The Amazing Spider-Man #667

The “Spider-Island” event finally gets officially kicked off, with Peter Parker discovering that his girlfriend Carlie has amazing spider-like powers. Why does that seem familiar somehow? He convinces her to keep her new powers a secret, at least for now, while they go see Aunt May off as she moves to Boston. Meanwhile, New York City’s mobsters are discovering that they have spider powers, too, and the Jackal gets them organized by giving them a bunch of knockoff Spider-Man costumes and sending them out to spread some mayhem. Spidey is finally able to get into costume to help out — but not only does half of New York now have his powers, but the Avengers and the rest of the city’s superheroes now can’t tell him apart from all of the copycats.

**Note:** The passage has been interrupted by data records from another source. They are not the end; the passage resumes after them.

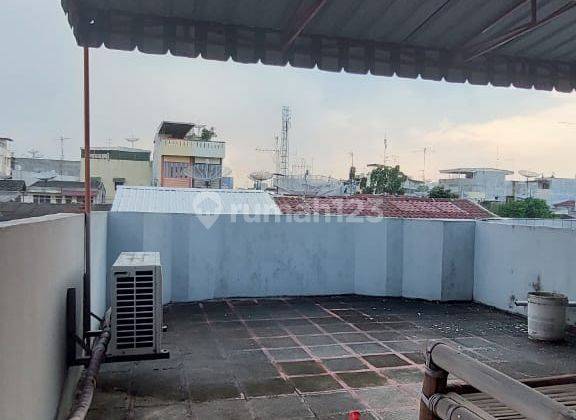 Rumah sewa jalan cumi 3 Lantai Bagus 7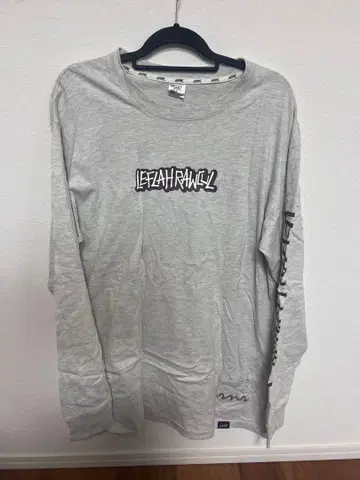 LEFLAH 그레이 긴팔 티셔츠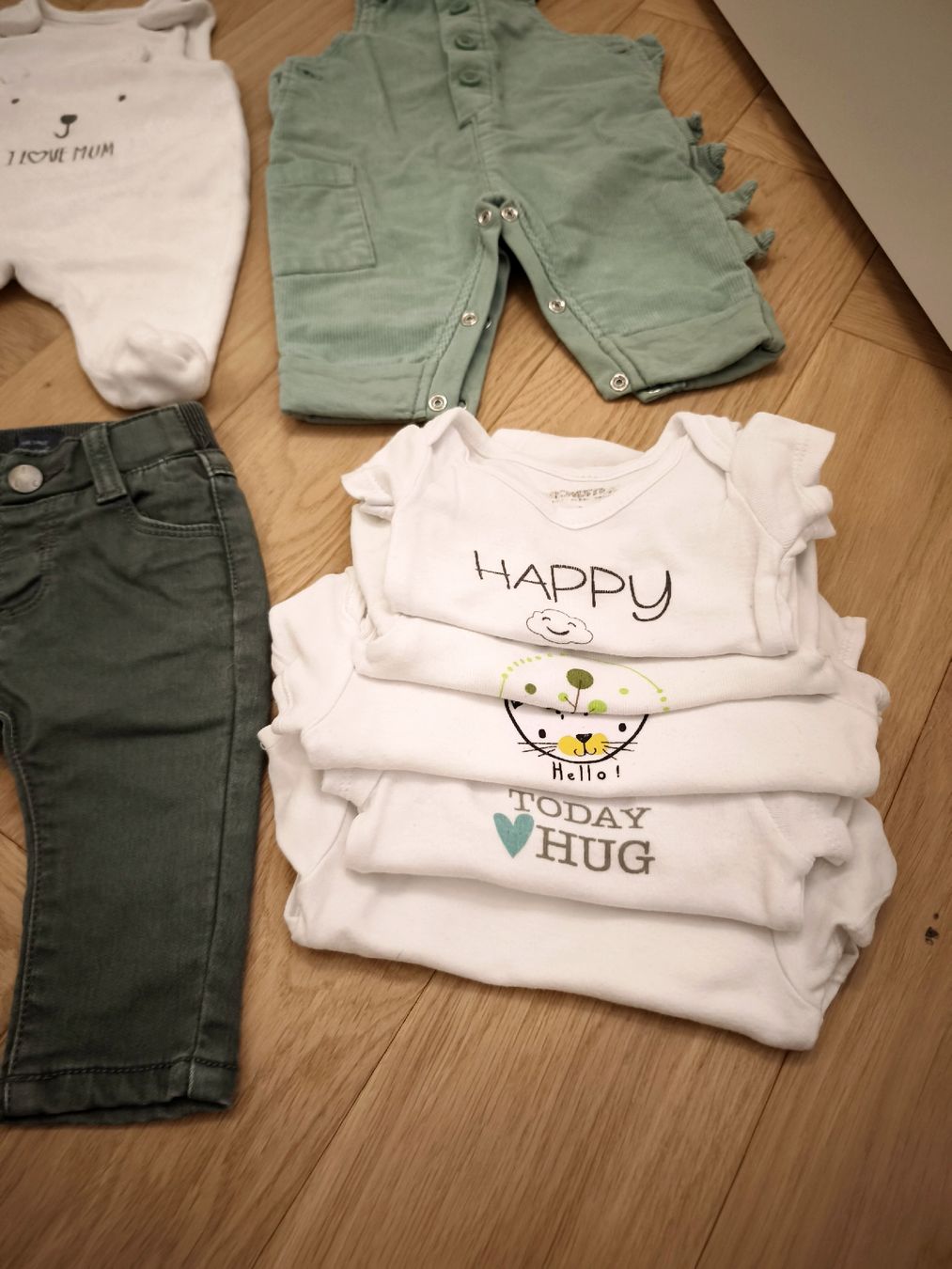 Lotti & Set di vestiti: Kleider Paket Junge 50/56 – Usato da Oberrieden venduto da Beti85 1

Verdict: Thumbs up. The story is in its early stages, so there’s not a whole lot to be said about it yet. I do, however, just plain love Humberto Ramos’ artwork.

American Vampire: Survival of the Fittest #3

Meet the Germans’ 77th Brigade — composed entirely of vampires. Not a fun place to be for Felicia Book and Cash McCogan, members of the vampire-hunting Vassals of the Morning Star gone undercover to try to find a cure for vampirism. What he’s discovered is a gun that fires concentrated sunlight, able to destroy almost any vampire. After some successful demonstrations, but Felicia and Cash suspect the vampires know who they are, so they prepare to make their escape, only for the doctor to offer them a far more unexpected method to strike at the vampires.

Verdict: Thumbs up. Great art, great story — and incredibly suspenseful, too. This has been a hugely impressive story, even compared to the high standards Scott Snyder has already cooked up for the regular “American Vampire” series.